TASK GOAL
Below are some records; quote exactly the lines from the one that contains "Mercedes-Benz CD-wisselaar OEM" through the one that contains "Doppelherz System Ceramide", inclusive, and no others.

___ RECORDS TO USE

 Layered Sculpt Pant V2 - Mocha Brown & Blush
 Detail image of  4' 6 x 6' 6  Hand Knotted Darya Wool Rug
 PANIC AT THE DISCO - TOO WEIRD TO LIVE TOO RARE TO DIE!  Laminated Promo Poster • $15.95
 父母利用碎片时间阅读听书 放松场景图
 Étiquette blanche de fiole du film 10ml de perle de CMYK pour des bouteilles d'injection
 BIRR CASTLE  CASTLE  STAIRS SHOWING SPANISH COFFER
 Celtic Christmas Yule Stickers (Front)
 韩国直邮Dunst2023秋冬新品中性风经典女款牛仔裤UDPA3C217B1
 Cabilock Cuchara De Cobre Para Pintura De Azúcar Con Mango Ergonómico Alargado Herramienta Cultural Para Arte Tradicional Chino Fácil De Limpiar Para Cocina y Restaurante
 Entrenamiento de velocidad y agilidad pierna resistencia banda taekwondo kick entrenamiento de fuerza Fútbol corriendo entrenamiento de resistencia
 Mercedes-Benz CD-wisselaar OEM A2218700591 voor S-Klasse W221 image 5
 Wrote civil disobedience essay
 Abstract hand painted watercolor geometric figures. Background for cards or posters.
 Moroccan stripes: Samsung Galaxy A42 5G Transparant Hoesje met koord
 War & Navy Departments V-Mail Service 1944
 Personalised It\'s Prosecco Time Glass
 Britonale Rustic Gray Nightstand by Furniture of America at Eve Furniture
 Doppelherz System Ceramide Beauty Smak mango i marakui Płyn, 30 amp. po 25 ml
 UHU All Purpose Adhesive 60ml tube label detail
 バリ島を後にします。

______

EXERCISE RESULT
 Mercedes-Benz CD-wisselaar OEM A2218700591 voor S-Klasse W221 image 5
 Wrote civil disobedience essay
 Abstract hand painted watercolor geometric figures. Background for cards or posters.
 Moroccan stripes: Samsung Galaxy A42 5G Transparant Hoesje met koord
 War & Navy Departments V-Mail Service 1944
 Personalised It\'s Prosecco Time Glass
 Britonale Rustic Gray Nightstand by Furniture of America at Eve Furniture
 Doppelherz System Ceramide Beauty Smak mango i marakui Płyn, 30 amp. po 25 ml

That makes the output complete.